Pero no imaginen una villa al uso: Cáceres era tierra de frontera, escasa de habitantes, donde había que procurar la llegada y asentamiento de un vecindario que se arriesgaba a perder todo en una de aquellas anexiones medievales, cuando pocos tenían mucho, y muchos tenían poco. Ése era el principal objetivo, la repoblación, y por ello el rey hizo depender a Cáceres directamente de la Corona de León. Un privilegio que dio una estabilidad extraordinaria a la villa en tiempos de completa incertidumbre. Y así se consolidó y creció hasta nuestros días.

Ciudad de realengo

En este puente festivo marcado por el 42º aniversario de la Constitución Española, los fueros de Cáceres cobran especial interés. Fueros que otros pueblos exhiben y defienden, y que muchos cacereños apenas conocen. Los otorgó el rey Alfonso IX tras la conquista por las tropas leonesas de aquella fortaleza almohade llamada Qazris, el 23 de abril de 1229. «Era necesario regular cuanto antes tanto la repoblación de su gran alfoz (término municipal) como la vida de sus colonos y vecinos, por eso los fueros les dotaron de derechos y obligaciones, y declararon a Cáceres Ciudad de Realengo, para que no quedara supeditada a un señorío u orden militar», explica Fernando Jiménez Berrocal, responsable del Archivo Histórico Municipal y Cronista Oficial de Cáceres.

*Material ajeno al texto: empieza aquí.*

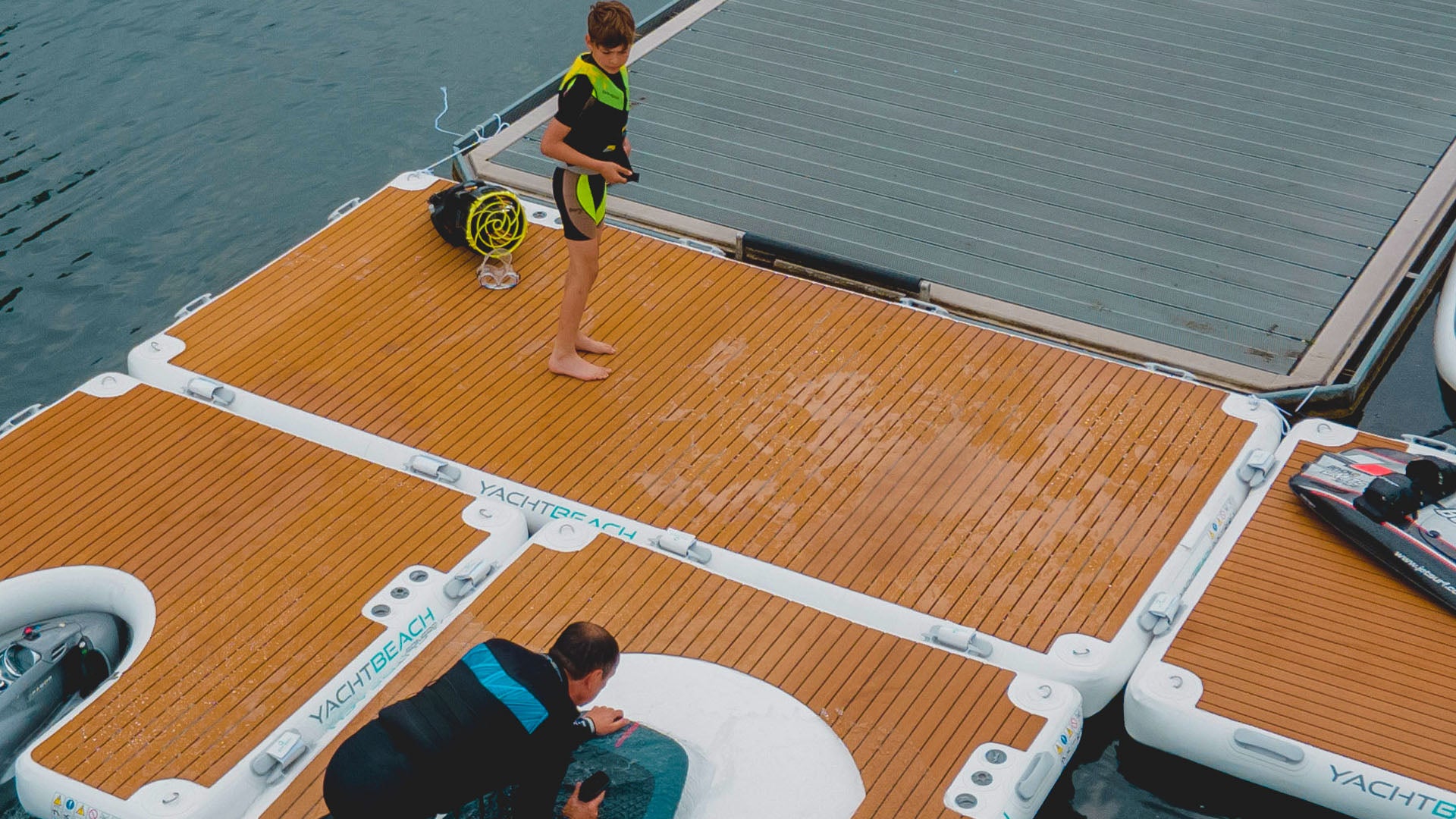 Kid standing on top of Yachtbeach Platform 8.20 Premium Teak 26.9'x6.7'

Aunque fueron concedidos por Alfonso IX, los confirmó su hijo, Fernando III el Santo, en 1269 mediante documento escrito, en el que añadió una decena de prerrogativas más. En realidad están compuestos por dos documentos: «La Carta de Población o Fuero Latino, y el Fuero Romanceado», detalla Jiménez Berrocal. Ambos se complementan. El primero, de origen real, «concedía tierras, casas, ganados y otros beneficios de protección y amparo, a los que estuvieran dispuestos a asentarse como vecinos y a repoblar, defender y explotar el territorio reconquistado, y a prestar y cumplir determinados servicios y obligaciones». Por su parte, el Fuero Romanceado consta de 504 artículos, «en letra gótica libraria de mediados del siglo XIII, manuscrito en pergamino, encuadernado en tabla y forrado de piel. Regulaba la convivencia de las gentes que habrían de poblar la ciudad», subraya Fernando Jiménez Berrocal.

El rey concede la villa a sus pobladores, con sus ríos, fuentes, montes, pastos, poblados, fortificaciones y minas

Y así, gracias a los fueros, es posible meterse de lleno en el concejo medieval que fue Cáceres, en sus oficios, ferias, ganados, relaciones sociales, normas de propiedad, etcétera. La edición facsimilar publicada en 1998 por un equipo de especialistas coordinados por Matilde Muro lo hace más accesible. De modo que conocemos la transcripción de párrafos clave, como aquel en el que el rey concede «esta villa de Cáceres a sus pobladores, con todos sus términos, ríos, fuentes, montes, pastos, poblados, fortificaciones y minas de plata, hierro o cualquier tipo…».

Prohibido enajenar bienes

Y en virtud de aquel pacto jurado entre el Rey y el concejo, de lealtad mutua, por el cual se otorgaron los fueros, Cáceres habría de permanecer por siempre unida a la Corona de León. A cambio el rey reconoció a cada vecino «sus casas, heredades, huertos, molinos, alcaceres…». Prohibía expresamente que sus bienes fuesen enajenados por órdenes religiosas o militares. Y en cuanto a la urgente repoblación de las tierras, dio la siguiente prerrogativa: «Cualquiera que viniera a poblar Cáceres, cristiano, judío o moro, libre o siervo, que venga seguro y que no responda de enemistad, deuda, fianza, mayordomía (…) o cualquier otra cosa contraída antes de la toma de Cáceres». Es decir, se le perdonaban sus faltas anteriores.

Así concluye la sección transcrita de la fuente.